## ACTION ITEM:
Give again, exactly as written, the lines of the records below from the line with "the_secret_world_of_arrietty_3" to the line with "Tripp Lite by". Both end lines count; pictures do not.

## LISTED RECORDS:
####
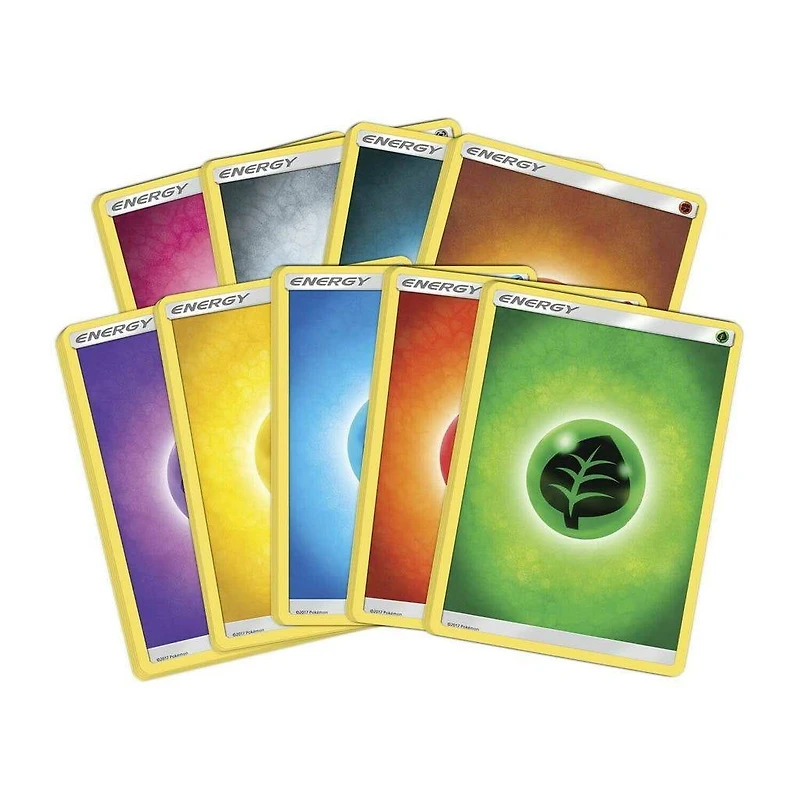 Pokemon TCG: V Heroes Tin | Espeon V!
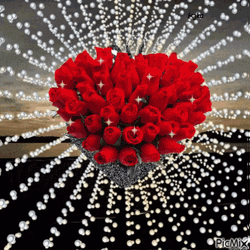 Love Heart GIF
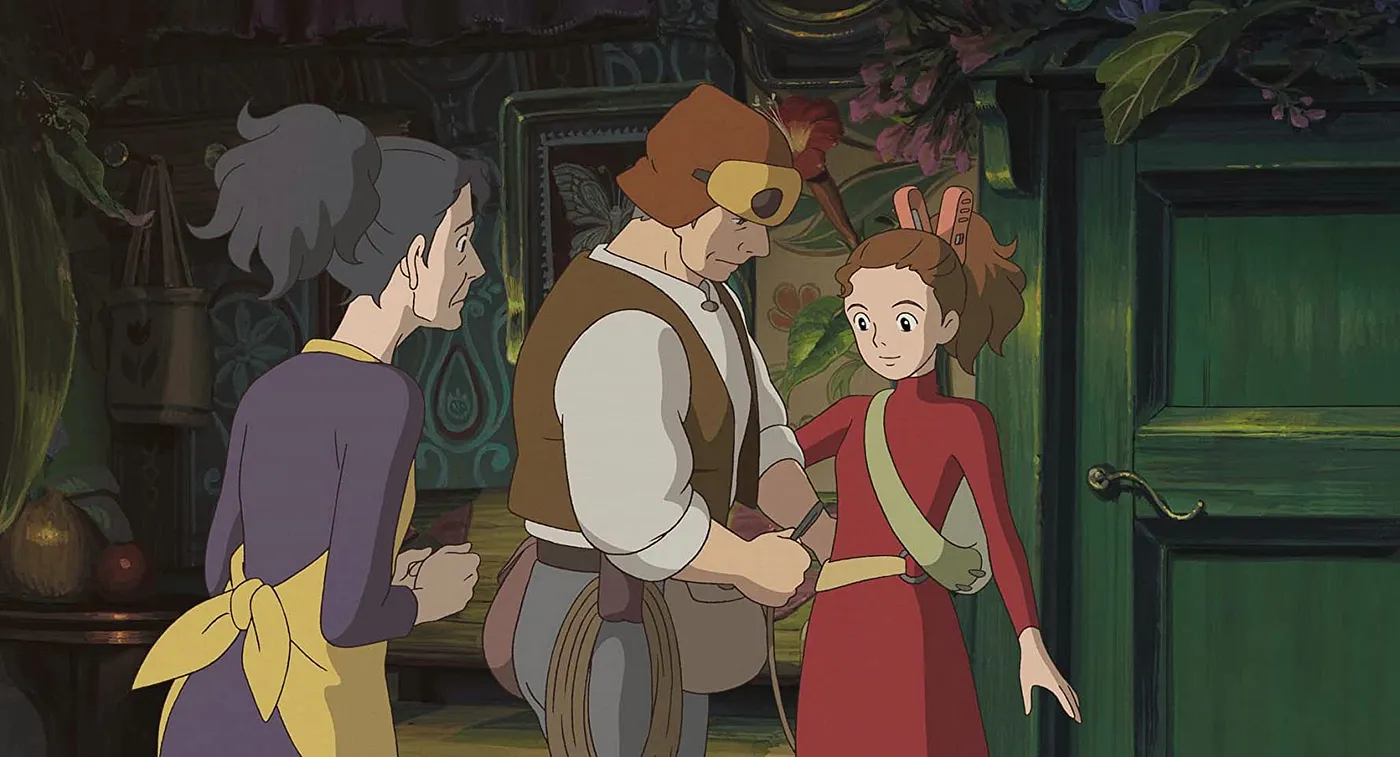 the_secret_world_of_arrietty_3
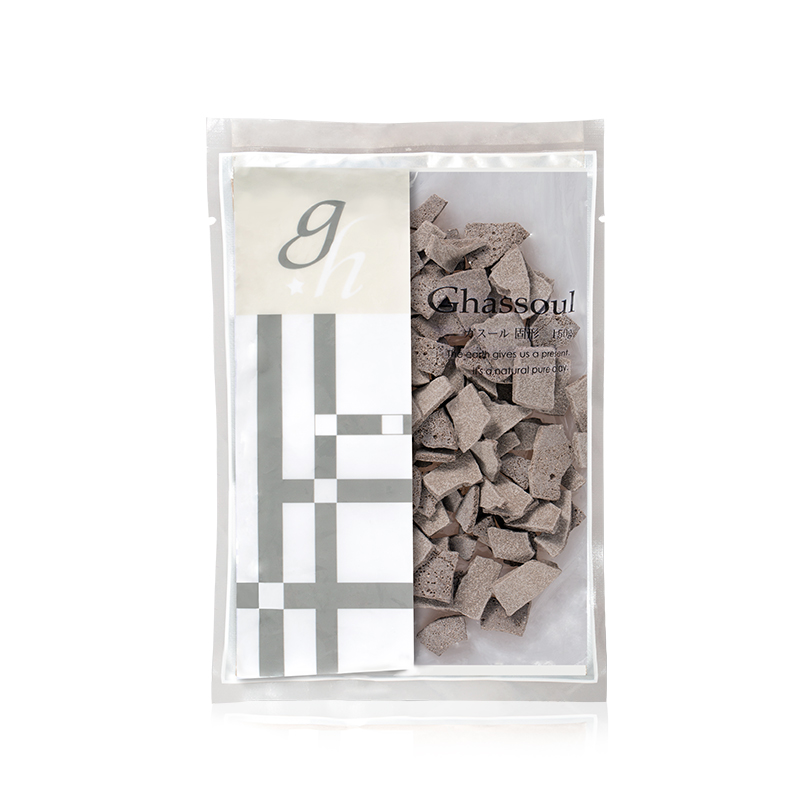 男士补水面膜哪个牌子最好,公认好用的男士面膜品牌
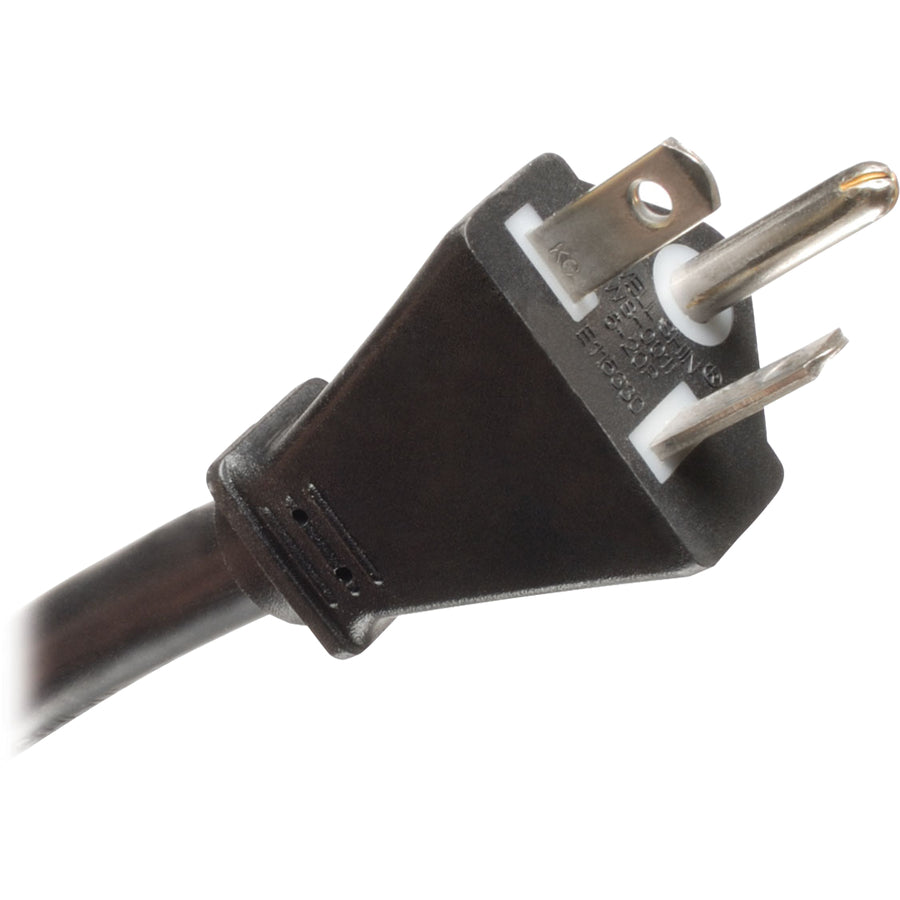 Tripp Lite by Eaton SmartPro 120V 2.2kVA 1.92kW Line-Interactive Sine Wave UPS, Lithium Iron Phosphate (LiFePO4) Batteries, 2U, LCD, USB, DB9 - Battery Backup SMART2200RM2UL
####
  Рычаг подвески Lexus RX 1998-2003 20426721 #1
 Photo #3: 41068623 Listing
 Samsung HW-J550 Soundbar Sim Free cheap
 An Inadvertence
####
## TASK ANSWER:
 the_secret_world_of_arrietty_3
 男士补水面膜哪个牌子最好,公认好用的男士面膜品牌
 Tripp Lite by Eaton SmartPro 120V 2.2kVA 1.92kW Line-Interactive Sine Wave UPS, Lithium Iron Phosphate (LiFePO4) Batteries, 2U, LCD, USB, DB9 - Battery Backup SMART2200RM2UL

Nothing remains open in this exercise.